Look through the entries below for the line with "US Air Force" and the line with "Stüssy Hats Embroidered", then give again exactly those two lines and all lines between them, minus the pictures.

Materials provided
* * *

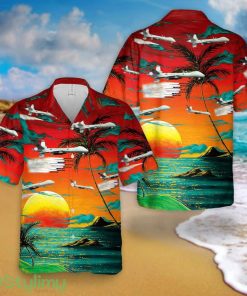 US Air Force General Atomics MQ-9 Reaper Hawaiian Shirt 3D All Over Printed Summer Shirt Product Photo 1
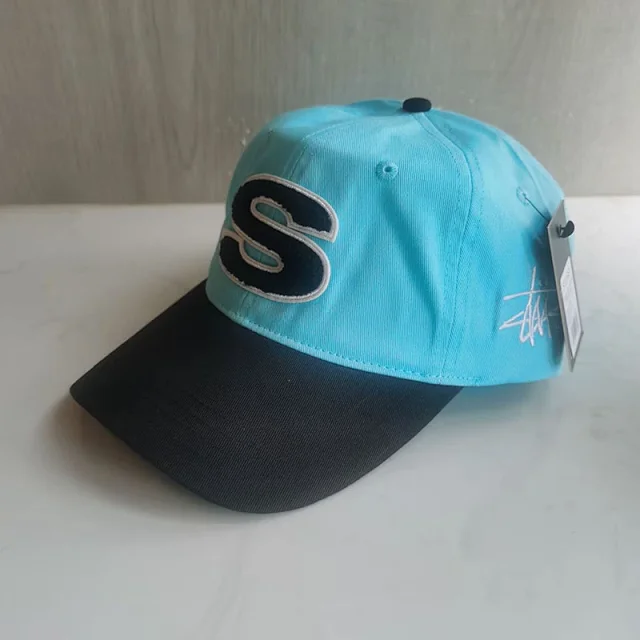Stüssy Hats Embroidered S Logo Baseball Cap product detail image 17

* * *

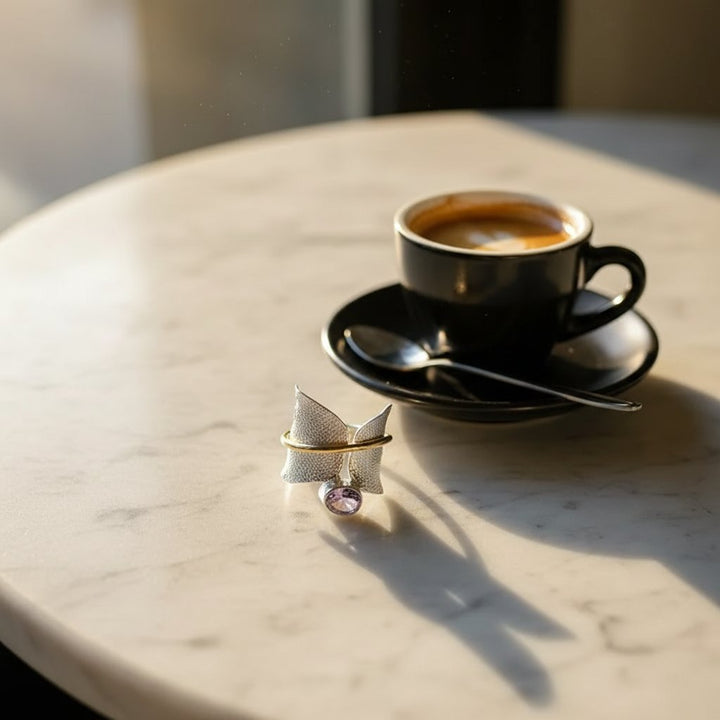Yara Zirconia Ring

* * *

Solution to the problem
 US Air Force General Atomics MQ-9 Reaper Hawaiian Shirt 3D All Over Printed Summer Shirt Product Photo 1
Stüssy Hats Embroidered S Logo Baseball Cap product detail image 17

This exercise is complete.